**EXERCISE BRIEF**: Your task is to print all of the data below exactly, with no pictures included.

**DATA**:

#####

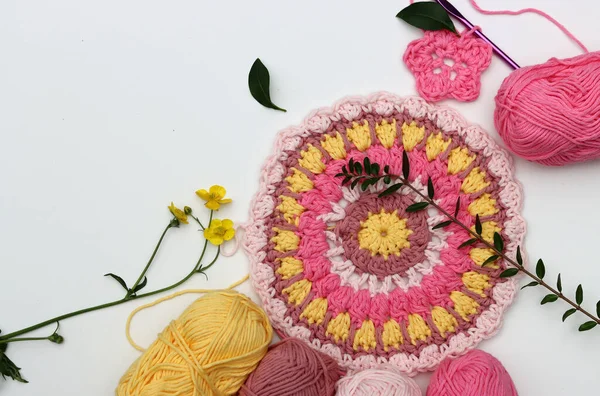 Modèle Crochet Rond Coloré Avec Des Fleurs Sur Table Blanche — Photo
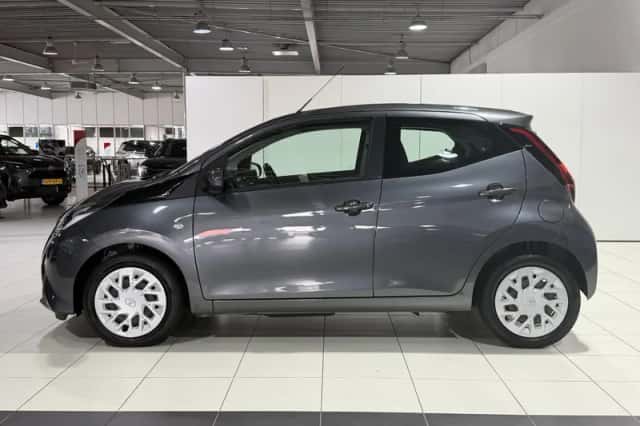 Toyota Aygo (2021) thumbnail 4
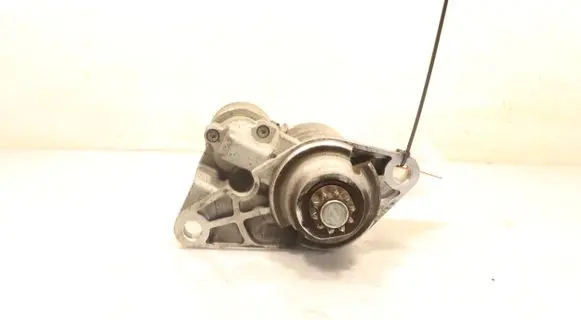 Volkswagen Polo V 6R Starter motor 100583120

#####

**OUTPUT**:
 Modèle Crochet Rond Coloré Avec Des Fleurs Sur Table Blanche — Photo
 Toyota Aygo (2021) thumbnail 4
 Volkswagen Polo V 6R Starter motor 100583120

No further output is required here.